Por tudo isto, e tal como postularam num artigo do início da década de 1990, a característica definidora do apego desorganizado é a ausência de uma estratégia coerente para responder a um cuidador em momentos de estresse.

É um estilo de apego muito irregular, pois tanto suas causas quanto suas consequências na vida adulta podem ser muito variadas.

Causas do apego desorganizado

Apego desorganizado e infância
A resposta que os pais têm durante os momentos difíceis da infância pode moldar os tipos de apegos que se desenvolvem no futuro.

A hipótese inicial sobre o desenvolvimento do apego desorganizado era a consequência de experiências de abuso, violência, trauma e assim por diante durante a primeira infância. Por isso, os pequenos expressam dúvida ao ir até eles em uma situação que gera angústia ou medo.

Eles veem neles uma figura que lhes dá segurança e conforto; mas também como aquele que pode prejudicá-los. Isso gera aquela ambiguidade de aproximação e fuga.

No entanto, em artigo publicado em 1999 na Psychoanalytic Inquiry, os autores propuseram uma segunda forma de explicar esse estilo de apego: pais ou cuidadores que tiveram experiências traumáticas ou perdas não resolvidas.

Embora não haja abuso e violência física ou psicológica explícitos, suas atitudes ou comportamentos ameaçadores alarmam o bebê e o levam a manifestar apego desorganizado (aproximando-se dele e ao mesmo tempo querendo fugir).

Embora esse tipo de apego possa se manifestar em contextos de não violência explícita, a verdade é que é mais comum nesses contextos.

Crianças que sofreram abuso físico ou psicológico, testemunharam eventos traumáticos de seus pais, cresceram em uma família disfuncional, tiveram que lidar com brigas e conflitos têm maior probabilidade de desenvolver apego desorganizado.

Consequências do apego desorganizado na vida adulta

Como esperado, o estilo de apego tem múltiplas implicações para uma vida funcional. Destacamos algumas maneiras pelas quais isso pode atrapalhar a saúde emocional e social de um sujeito.

Risco de desenvolver transtornos de personalidade

Apegos inseguros têm sido sugeridos como um fator de risco para o desenvolvimento de transtornos de personalidade. De fato, alguns especialistas propuseram isso como uma possível explicação para o transtorno de personalidade limítrofe.

Além disso, as pessoas com esse estilo de apego têm maior risco de desenvolver transtorno de personalidade esquiva, transtorno de personalidade narcisista, transtorno de personalidade antissocial e outros.

Alterações na percepção do tato

Um estudo publicado na Scientific Reports em 2020 descobriu que pessoas com apego desorganizado assimilam o toque afetivo (carícias, abraços e assim por diante) como mais desagradáveis do que pessoas com apego seguro.
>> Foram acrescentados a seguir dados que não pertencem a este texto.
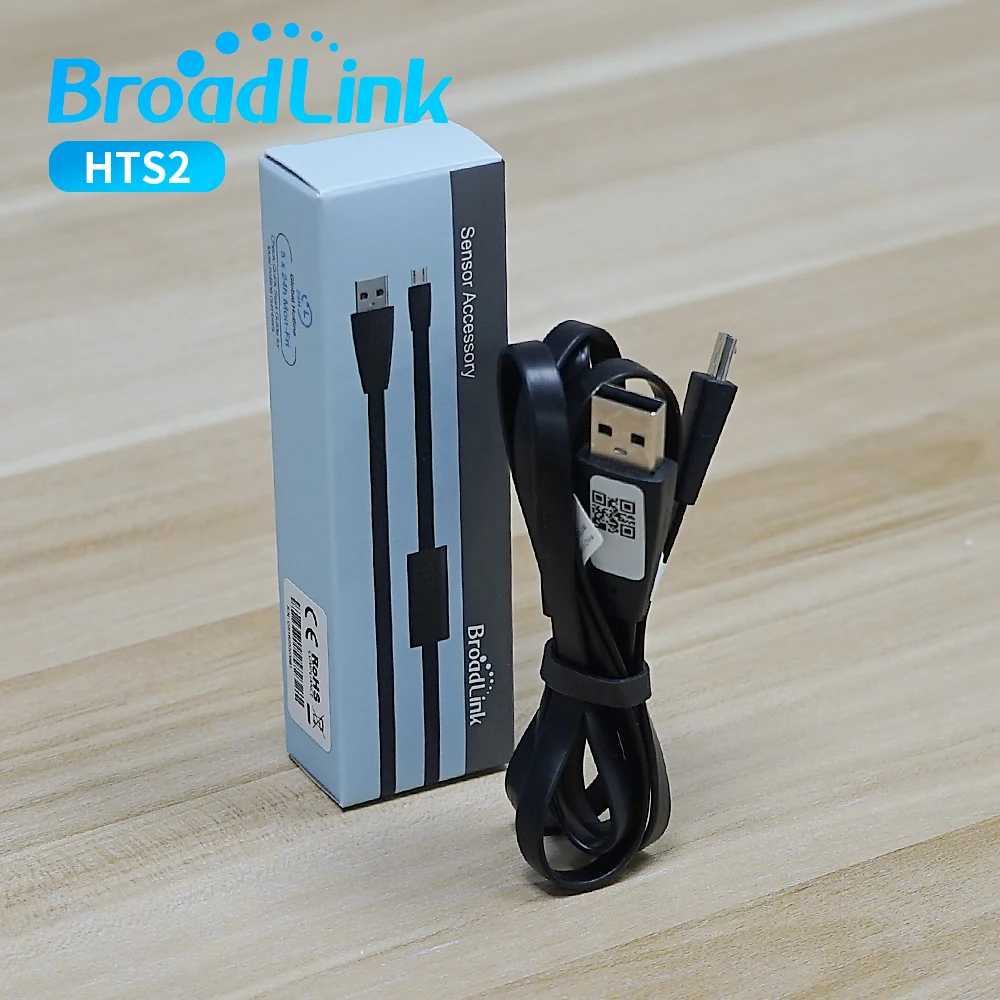 Broadlink europos sąjungos Oficialusis HTS2 Sesnor priedu USB laidas temperatūra ir drėgmė detektoriaus darbą su broadlink rm4 pro/rm4 mini universalus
Essa percepção alterada pode fazer com que elas evitem esse tipo de contato, bem como evitem manifestá-lo.

Má adaptação social

Apego desorganizado e timidez
Os problemas de socialização causados pelo apego desorganizado podem persistir por muitos anos.

Também há evidências de que esse estilo de apego leva a uma má adaptação social dos sujeitos. Eles têm problemas para se encaixar na sociedade, fazer amigos, manter um relacionamento estável, ter um emprego e assim por diante.

Isso pode levá-los a apostar em um estilo de vida retraído e longe do contato social, o que por sua vez pode levar a outras complicações ( depressão e outras).

Risco de manifestar sintomas dissociativos

Alguns especialistas têm alertado sobre a manifestação de sintomas dissociativos como consequência do apego desorganizado. Perda de memória, assumindo uma interpretação confusa da realidade, a percepção de que aqueles que fazem parte do círculo são irreais e a sensação de estar separado do próprio corpo e emoções são algumas características da dissociação.

Como é possível imaginar, uma pessoa com esse estilo de apego pode promover o desenvolvimento dele no seus filhos durante a paternidade. Dadas as consequências que tem na vida adulta, quando ocorrem interferências drásticas na vida diária, deve ser considerada a procura de ajuda profissional.

Especificamente, a terapia psicológica pode ser a resposta para os efeitos que as experiências da primeira infância tiveram nas atitudes, pensamentos e comportamento na idade adulta.